Une instabilité des effectifs entraîne un taux d’occupation bien en deçà de l’objectif fixé. En CEF, le taux d’occupation moyen s’élève à 70 % de janvier à novembre 2023, en légère augmentation par rapport à 2022, année au cours de laquelle il était de 68 %, alors que la cible reste fixée à 85 %. Une telle situation appelle des réponses fortes. Il ne s’agit pas seulement de comprendre les raisons de cette instabilité des effectifs et d’y remédier, que ce soit par la revalorisation des salaires, la réforme de la formation ou l’amélioration des conditions d’exercice des missions, qui sont forcément difficiles pour les personnels impliqués.
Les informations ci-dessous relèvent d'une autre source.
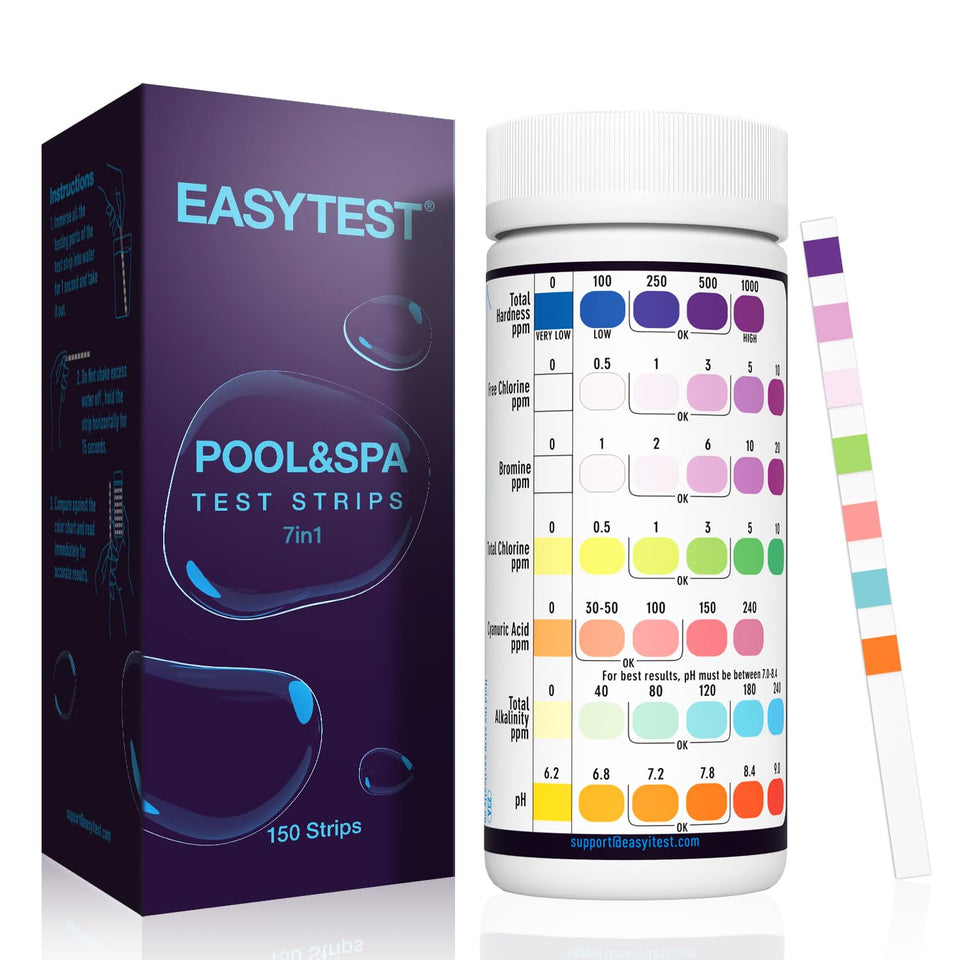 EasyTEST 7-Way Pool Test Strips bottle for quick water quality checks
Le rapport de performance souligne la nécessité d’améliorer la gouvernance de ces établissements, d’assurer la cohérence des parcours en amont et en aval des placements, et d’étendre les bonnes pratiques de prise en charge développées par ces professionnels. Ces mesures devraient contribuer à l’amélioration du taux d’occupation. Cependant, les termes employés nous semblent creux. Dans le cadre de l’analyse de la performance d’une mission budgétaire, nous sommes en droit d’attendre du gouvernement des annonces chiffrées concernant spécifiquement les questions de ressources humaines dans les centres éducatifs fermés.

M. Éric Dupont-Moretti, ministre. Vous avez souligné plusieurs difficultés qui n’ont pas échappé à notre attention. C’est pourquoi j’ai ordonné une inspection, afin d’obtenir une vision très claire des problèmes rencontrés, ainsi que des aspects positifs. En effet, nous disposons de renseignements indiquant que les CEF sont efficaces pour prévenir la récidive. Il est important de noter que depuis 2017, 680 embauches supplémentaires ont été réalisées au sein de la protection judiciaire de la jeunesse. Je peux par ailleurs vous fournir la liste des différents établissements CEF ouverts récemment : Épernay en 2022, Bergerac au printemps 2022, Saint-Nazaire en novembre 2022, tandis que dix-neuf autres doivent être livrés d’ici la fin du quinquennat.

Les CEF rencontrent des difficultés similaires à celles des prisons, malgré un nombre d’éducateurs supérieur à celui des jeunes délinquants. Par exemple, un maire s’oppose fermement à l’ouverture d’un CEF dans sa commune en raison de la présence d’un golf. Cette opposition soulève des questions sur la solidarité républicaine. Je ne peux accepter ce type d’excuse, même si la résistance est quasi générale. Imaginons un cas d’évasion d’un CEF. Or un tel événement est très rare et le risque zéro n’existe nulle part. Ces difficultés sont réelles. Trois CEF doivent être livrés en 2024 à Rochefort, Le Vernet, en Guyane, et trois autres en 2025, en Seine-et-Marne, dans le Calvados et à Dignes. Deux autres sont prévus pour 2026 à Villeneuve-Loubet et à Bléré, en Indre-et-Loire ; onze autres devant être livrés en 2027. Je crois fermement en l’efficacité des CEF, malgré quelques dysfonctionnements, comme dans toute institution. Une inspection a été ordonnée et nous en tirerons les conséquences nécessaires.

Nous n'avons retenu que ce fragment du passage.